My daughters just finished a really wonderful babysitting “unit” in their Achievement Days group.
The unit was called “The Babysitters Club” and the girls spent a handful of hours learning about babysitting, discussing scenarios that may occur during babysitting; how to deal with them, and then they got to put their knowledge to the test. The girls found children to babysit, made a schedule with the parents, put together a babysitting bag and were then required to follow through with a phone call for confirmation of the arrangement.
As I listened to my girls make their phone calls to the parents of the children they would be in charge of caring for, I realized that telephone etiquette is going by the wayside. It seems that everyone has their own phone these days and so children are not taught the telephone “niceties” that so many of us “old folks” were. I’m just as guilty of this as the next person. We don’t have a home telephone, and since my cell phone is usually near me, there are rarely instances where my children answer the phone. In fact, I don’t allow them to answer the phone unless it’s a close family member where the conversation is casual. They literally don’t have the opportunity to practice telephone skills, and it shows.

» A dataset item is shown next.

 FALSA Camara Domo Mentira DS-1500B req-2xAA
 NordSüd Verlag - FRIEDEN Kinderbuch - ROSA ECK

As the girls stuttered and um’d their way through the conversation (it was scripted with specific points to be made/discussed) it became clear to me that I haven’t done my job as a responsible parent to teach them the proper way to address others on the telephone. I’m working on rectifying the situation, and while I’m at it, I’ve been thinking about babysitters’ these days and how even that has changed.
When I was a babysitter, I spent my time watching the children, but also cleaning. If I fed the children a meal, I always cleaned it up and did the dishes. If the carpet needed vacuuming, whether or not the mess was made on my watch, I vacuumed. If the bathroom needed scrubbing, I did that, too. I thought it was part of the job. Speaking for my experience alone, it seems like kids now-a-days are not taught to even do the basic household chore. I can’t tell you how many times I’ve returned home after a date out and found the paper plates (for ease of clean up for the babysitter) with the half eaten food that I prepared before I left STILL on the kitchen table. With crumbs on my living room floor (food is not even allowed in my living room) and the house in an overall disarray.
Now, if I had left my house in disarray, I wouldn’t feel annoyed to return home to find it in the same condition, but I DO get annoyed when I leave and come home to a mess. Because of my experience with babysitters that have not always lived up to my expectations, I was super glad to hear that my girls were taught that babysitting IS a job and there are certain things that are required of them. I have to thank their teacher for the time and effort she put into teaching them the basics, and sending them home with resources that will help them when they start babysitting.
Aren’t these resources great?
Now, I need your input. What are your thoughts?
- Do parents need to teach their children polite telephone etiquette?
- Do you expect babysitters to clean up the messes that are made while they are babysitting?